While transitioning her to full raw, are there any pre packaged raw foods you guys could recommend for her? I wanna make the switch to raw cause she just seems to have more energy and is more "puppy-like" around the house and yard.

I haven't made the full switch as I am still trying to collect more knowledge and insight on this but would still like to keep her on at least a partial raw.
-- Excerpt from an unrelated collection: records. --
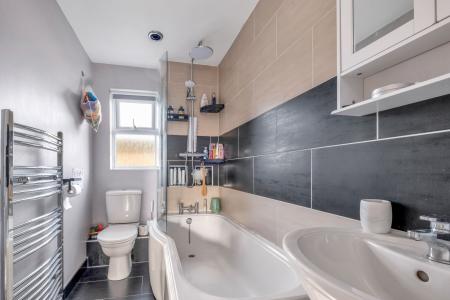 2 bedroom Semi-detached house for sale in Kings Road, Oakham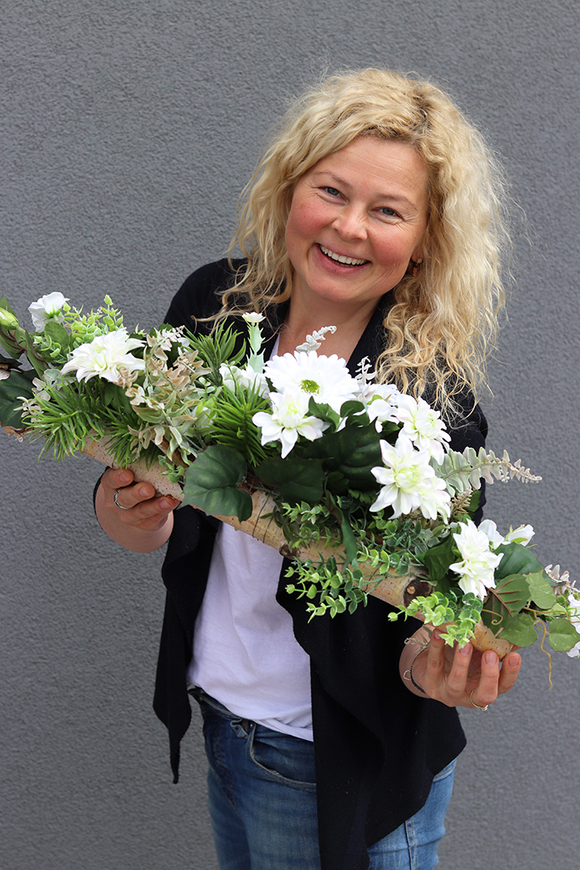 biała kompozycja kwiatowa w drewnie, Kenna, dł.85cm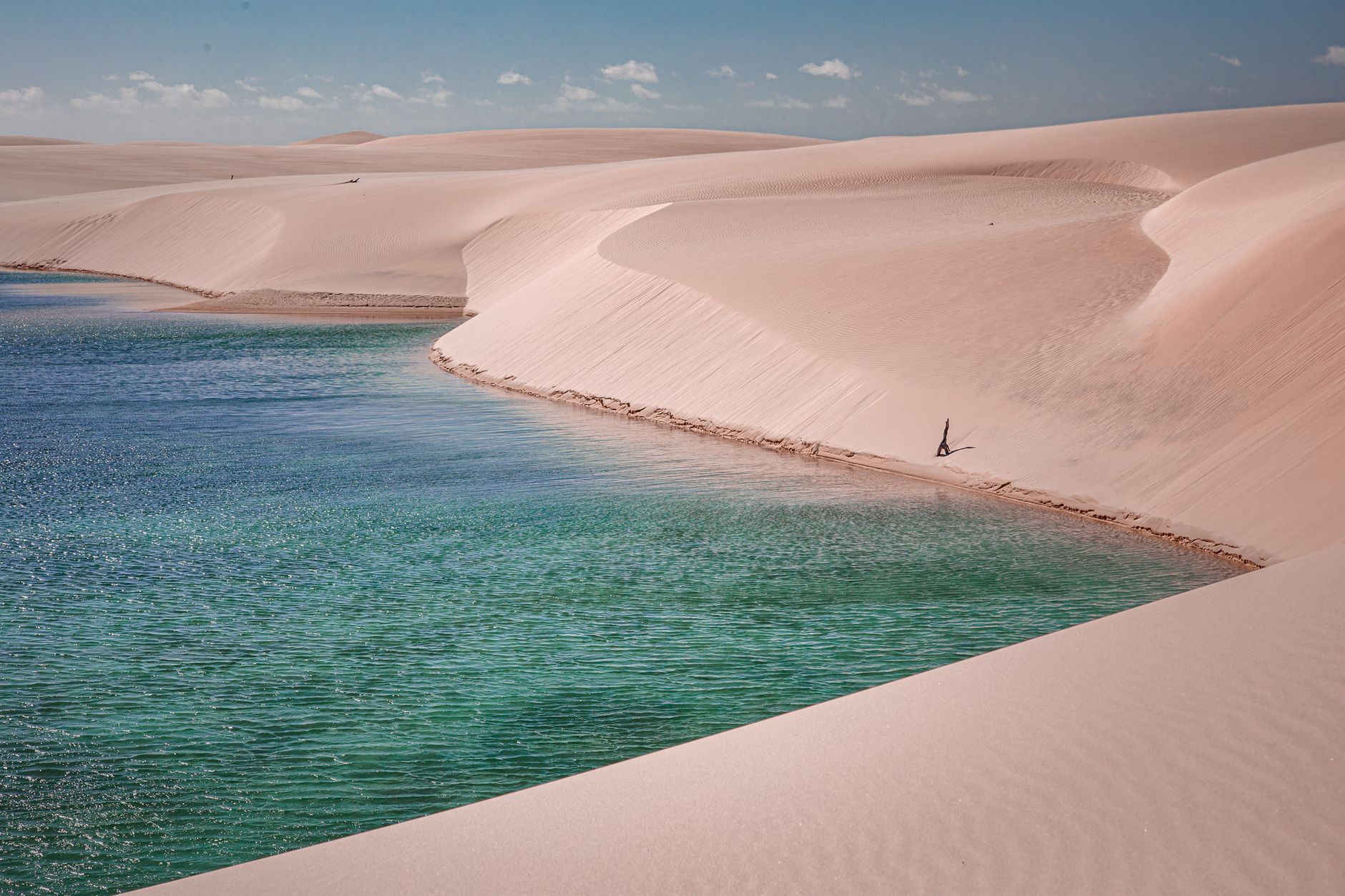 Vivencie a deslumbrante beleza de Lençóis Maranhenses com suas dunas de areia pristine e uma lagoa turquoise.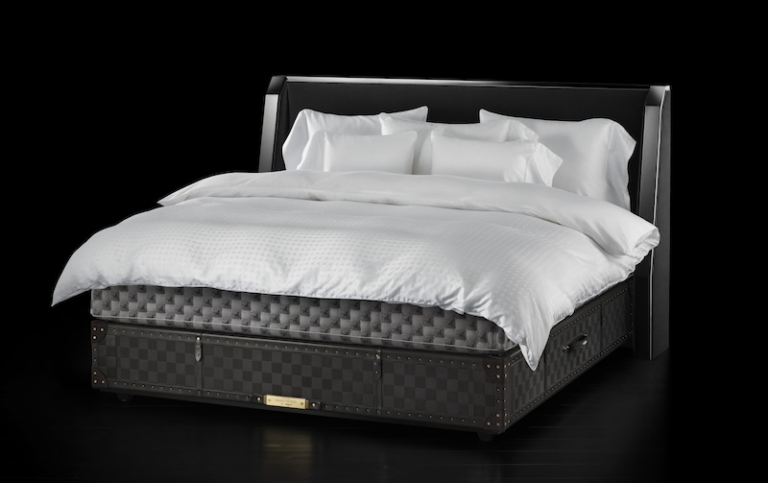 The Grand Vividus Luxury Bed: Hästens Debuts $1M Bed Set » BedTimes ...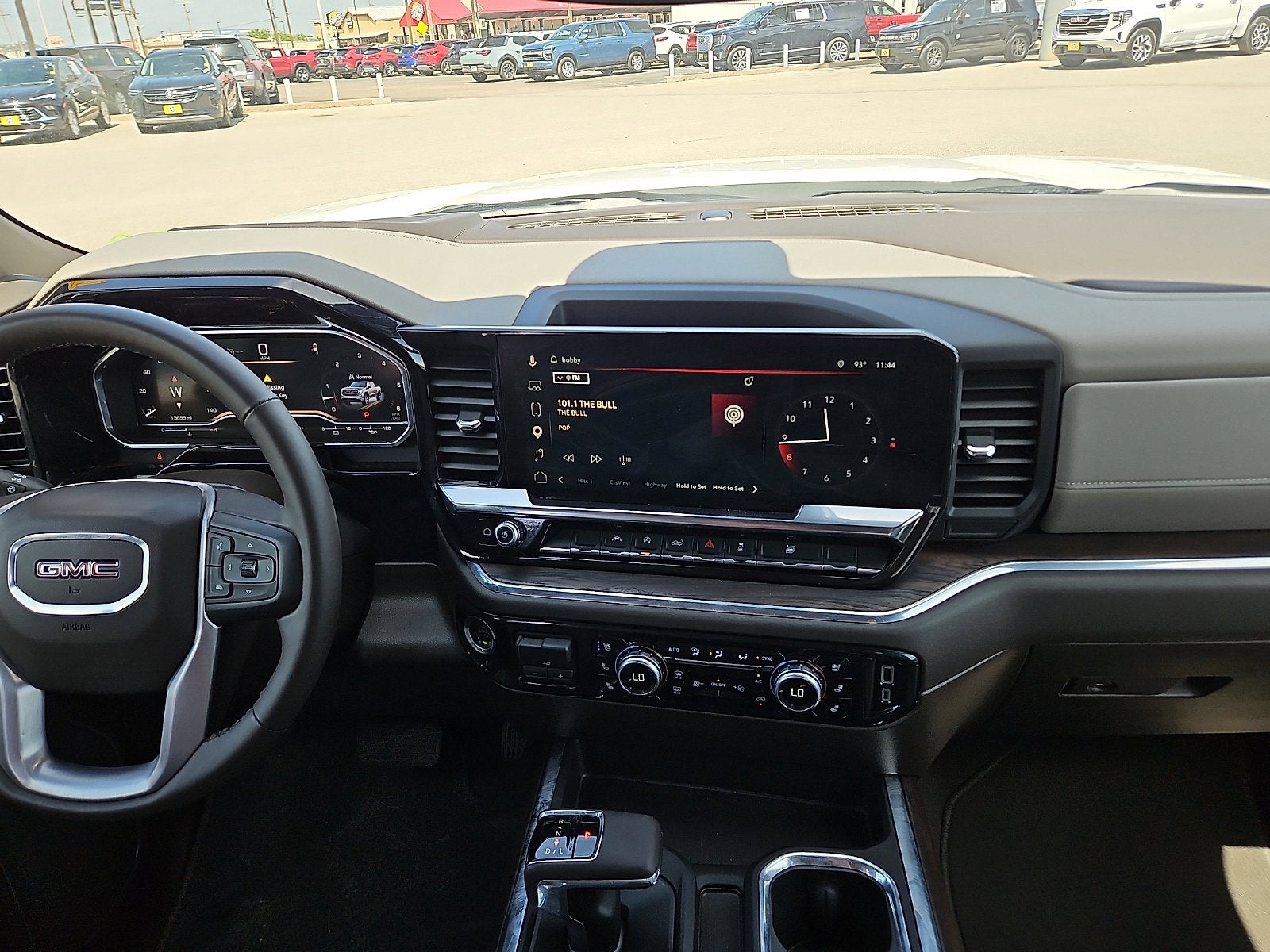 2025 GMC Sierra 1500 SLT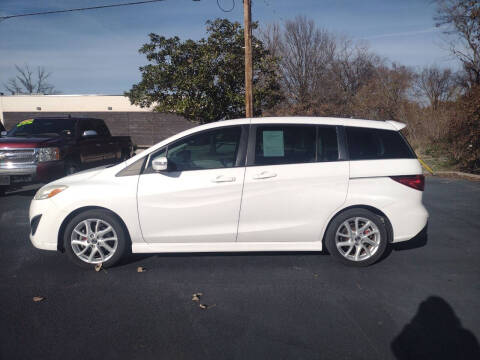 2013 Mazda MAZDA5 for sale at Auto Acceptance in Tupelo MS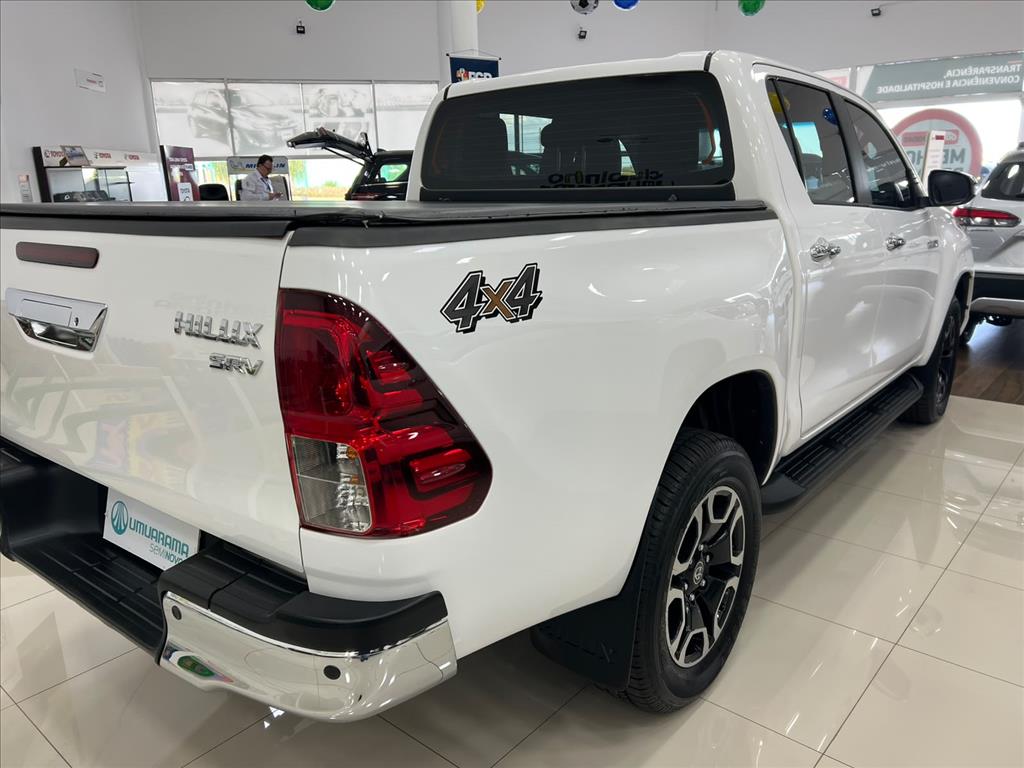 HILUX 2.8 D-4D TURBO DIESEL CD SRV 4X4 AUTOMÁTICO3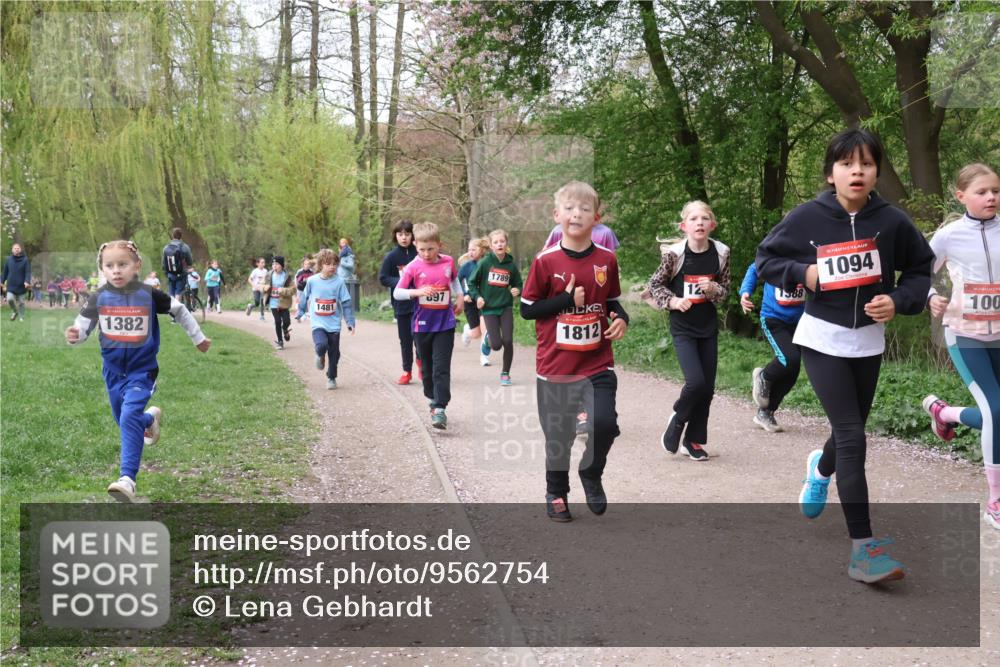 19.04.2026 - Hammer Lauf Lena Gebhardt http://msf.ph/oto/9562754 19.04.2026 09:27:12 Laufen 1481, 1382, 897, 1789, 1812, 12, 16, 1094, 16, 100 meine-sportfotos.de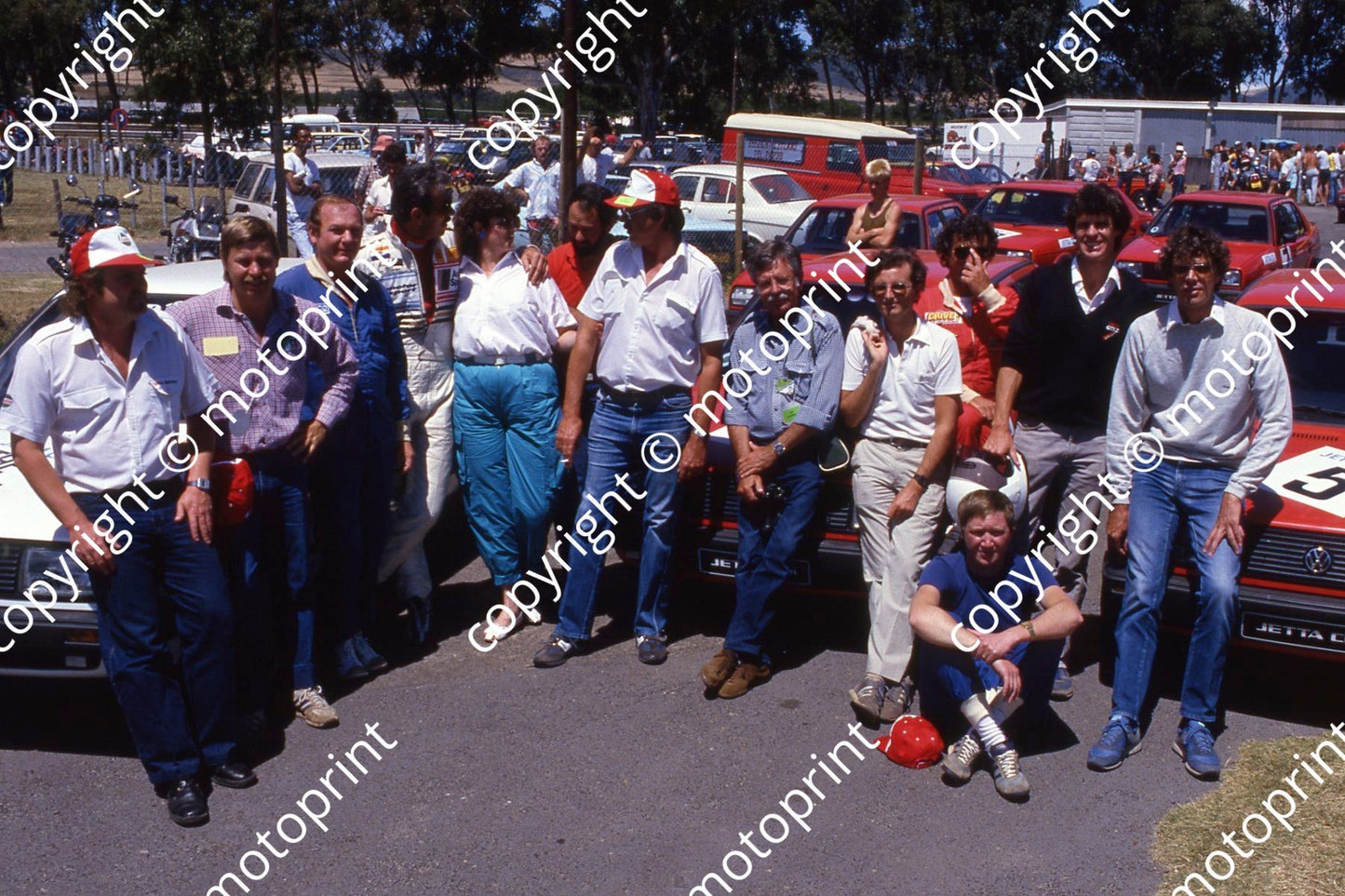 1985 Castrol 6 hr Nov Sarel van der Merwe The Bandit (white Jetta) vs The Press (red Jettas) (courtesy Roger Swan) (1)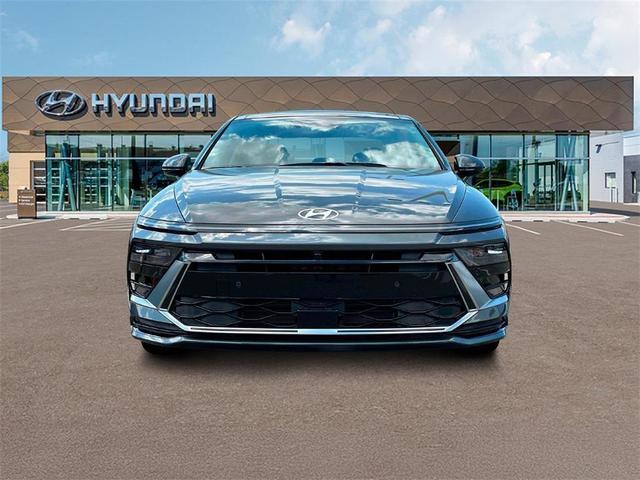 Photo of 2025 Portofino Gray Hyundai SONATA Hybrid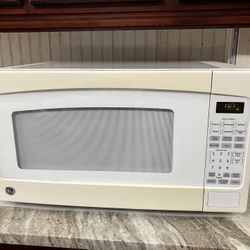 GE 1.8 Cu. Ft. White Microwave VERY CLEAN! 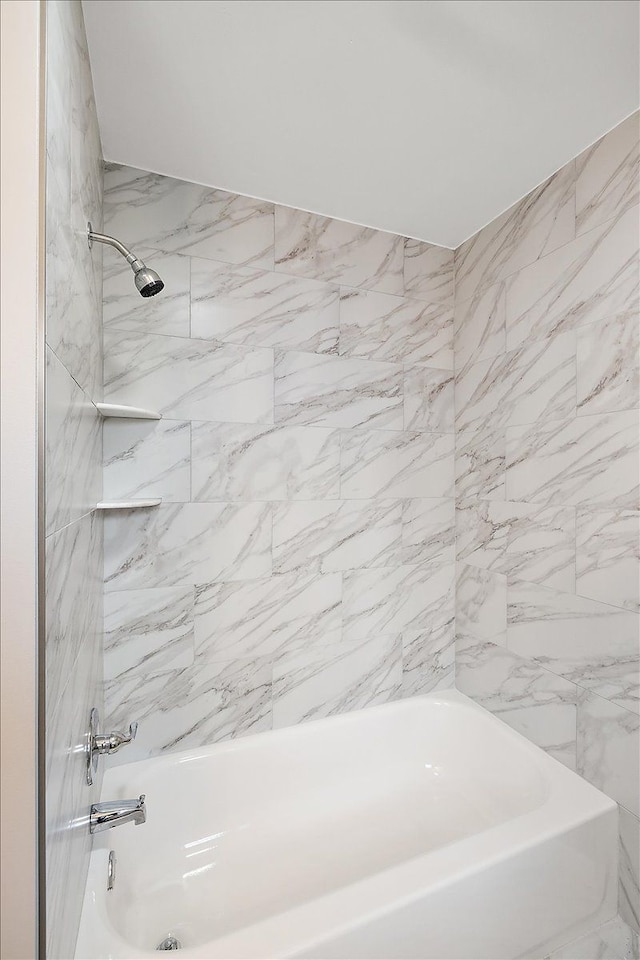 bathroom featuring tiled shower / bath combo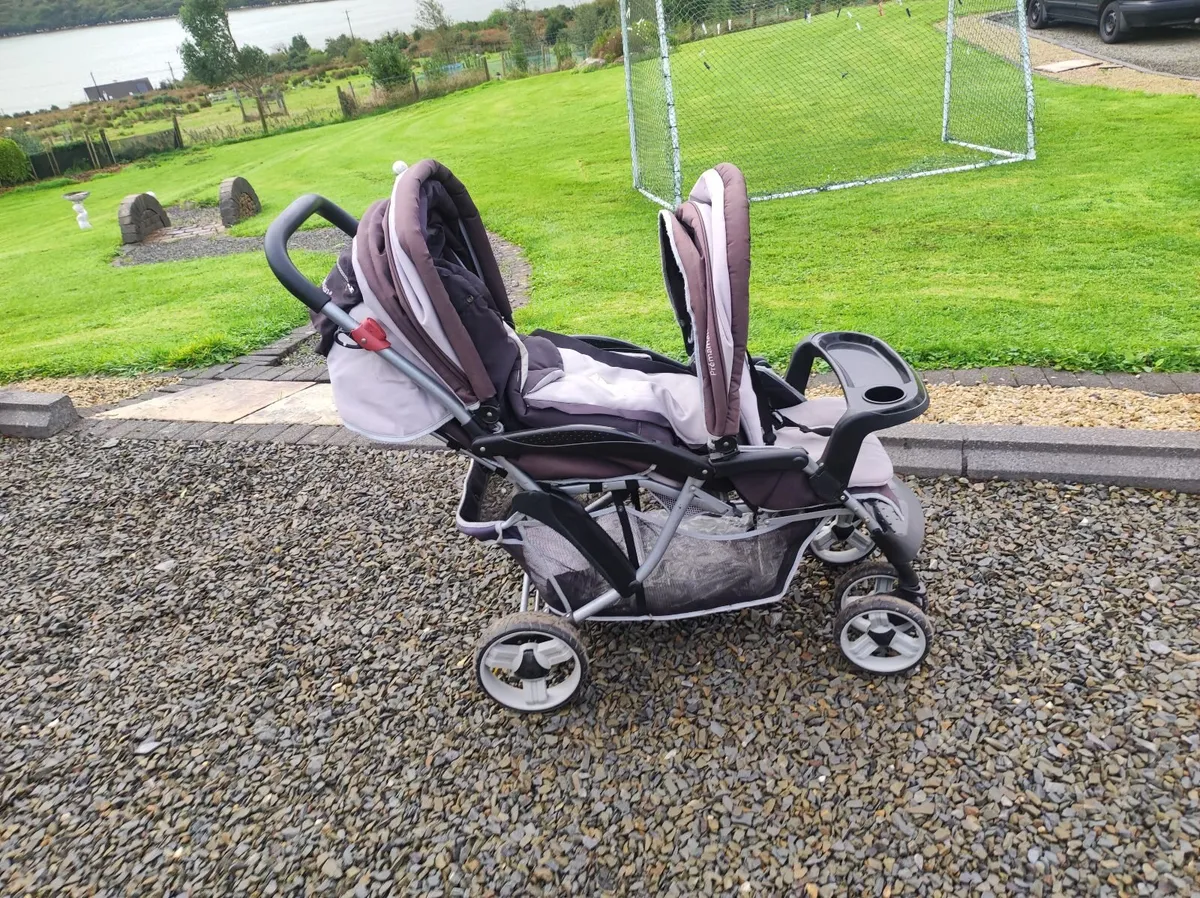 A double baby buggy - Image 2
Thanks in advance ladies and gents!

-Kyle

P.S. I'll post a picture of her when I get home so you can physically see what I mean size wise.


----------



## Courtney (Feb 12, 2010)

I switch between Bravo and Primal raw. He also gets raw green tripe from A Place For Paws and some RMB a couple of times a week. He likes to crunch them and they are keeping his teeth clean.


----------



## kagarcia (Feb 18, 2013)

*Pics*

Here are some pics of her


----------



## jaccet (Mar 21, 2013)

*Barf diet*

Hi,
My dogs are on the barf diet and they are healthier, happier and are like puppies again. I order from Barfworld. Not only do my dogs love the food (its actually very funny to watch them when I am preparing their meals), Barfworld's customer service is wonderful. When you first start your dog on the diet, you will receive a call from Barfworld to see how your dog is doing, if you have any questions, etc. They will also do periodic calls. They are great. They also have a great blog. Check them out: BARF Diet - Healthy & Natural Raw Food For Dogs & Cats, Pet Health Care Food & Nutrition Products Supply Online
Good luck.


----------



## cci058 (Nov 18, 2011)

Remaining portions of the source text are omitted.